Think of it like a zombie mummy apocalypse - except the zombies are the heroes. And you're the mummies. Fight the monsters, figure out how to save the world (probably by capping off the pyramid or something equally useful). You can't die, but if you lose any more parts life can suck a whole lot more.
Creatures of Light and Darkness Option
The player characters are space gods based on ancient myths. It all takes place in the fucking future, and you play people who were mummified today but are running around a thousand years from now. You manipulate time, throw black holes at people, destroy planets, shit gets crazy. Your enemies are similarly overpowered, and have a plan that involves eradicating the concept of time or something.
When you die (not “if”), you get reincarnated, sometimes by praying to yourself. When you fail to save the universe (not “if”), you go back in time and try again.
Living Mummy Option
You lived in ancient Egypt. You may have been a servant or a prince, a farmer or a priest, a magician or a scribe. You lived, and you died, and you were mummified - or perhaps you were simply buried alive; the details are lost to you. Thousands of years later, perhaps during the Victorian Age, perhaps in modern times, you were unravelled...and woke up, alive.
Now you are an ancient soul in a modern age - mortal, at least as such things go, but after rehabilitation you can move again, you have learned the language of this new century, and begun to acclimate yourself. As a sort of time traveler, you are of interest by many groups - some of which wish to deify you, others of which wish to control or exploit you for their own ends. For yourself, you are simply adrift from your time, with few familiar touchstones...and the lingering mystery of your resurrection. Already, there are rumors of others like yourself - others who have disappeared. Some kidnapped by cannibal cultists, others taken by a conspiracy of the Resurrected.

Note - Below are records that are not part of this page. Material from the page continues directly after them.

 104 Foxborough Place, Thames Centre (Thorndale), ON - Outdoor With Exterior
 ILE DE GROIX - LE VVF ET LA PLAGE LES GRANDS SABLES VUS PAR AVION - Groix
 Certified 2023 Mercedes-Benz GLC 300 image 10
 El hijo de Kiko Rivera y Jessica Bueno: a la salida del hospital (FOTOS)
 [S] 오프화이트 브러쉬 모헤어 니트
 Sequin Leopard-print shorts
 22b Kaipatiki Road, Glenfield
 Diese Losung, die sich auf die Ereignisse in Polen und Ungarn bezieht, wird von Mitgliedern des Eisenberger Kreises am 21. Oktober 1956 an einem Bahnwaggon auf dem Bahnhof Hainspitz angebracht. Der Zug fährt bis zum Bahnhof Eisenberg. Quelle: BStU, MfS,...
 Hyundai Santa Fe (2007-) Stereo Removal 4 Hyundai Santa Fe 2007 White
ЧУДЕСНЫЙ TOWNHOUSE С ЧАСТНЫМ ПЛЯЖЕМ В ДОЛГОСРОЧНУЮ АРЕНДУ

Because whoever mummified you in the first place - they still exist. You are their early experiments. Troublemakers, rebels, perhaps merely convenient subjects...and now that you have awoken, they see you as a threat to their own long unfurling plans. Dare you oppose them? Similar sequence to Highlander, except in this case you stage it as a series of mysteries - each investigation brings you closer to solving the mystery of your Resurrection.
Stargate Option
There are dimensional portals that take you to shard realms that are the dominions of powerful and jealous ancient mummies from various cultures that rule these shard realms as god kings. Your group of young upstart mummies and heroes who are reincarnated people from Egypt, Aymarra, Nordia, or China can activate ancient artifacts to let you explore these worlds and overthrow the god kings with the power of modern weaponry and friendship speeches.
There are various humans living under the mummy gods in the shard worlds, and you can free them and recruit them into your army of liberation.
Bubba Ho Tep Option
Thousands of miles from home, in a strange land called America, you have awoken...and you are hungry. Separated from your tomb, your talismans, and your canopic jars, the rituals designed sustain your spirit in the afterlife have almost failed, and in desperation your spirit has reunited with its flesh, to bring movement back to the withered limbs. To sustain yourself, you must feed on the souls of the living as you seek to recover or replace what you have lost.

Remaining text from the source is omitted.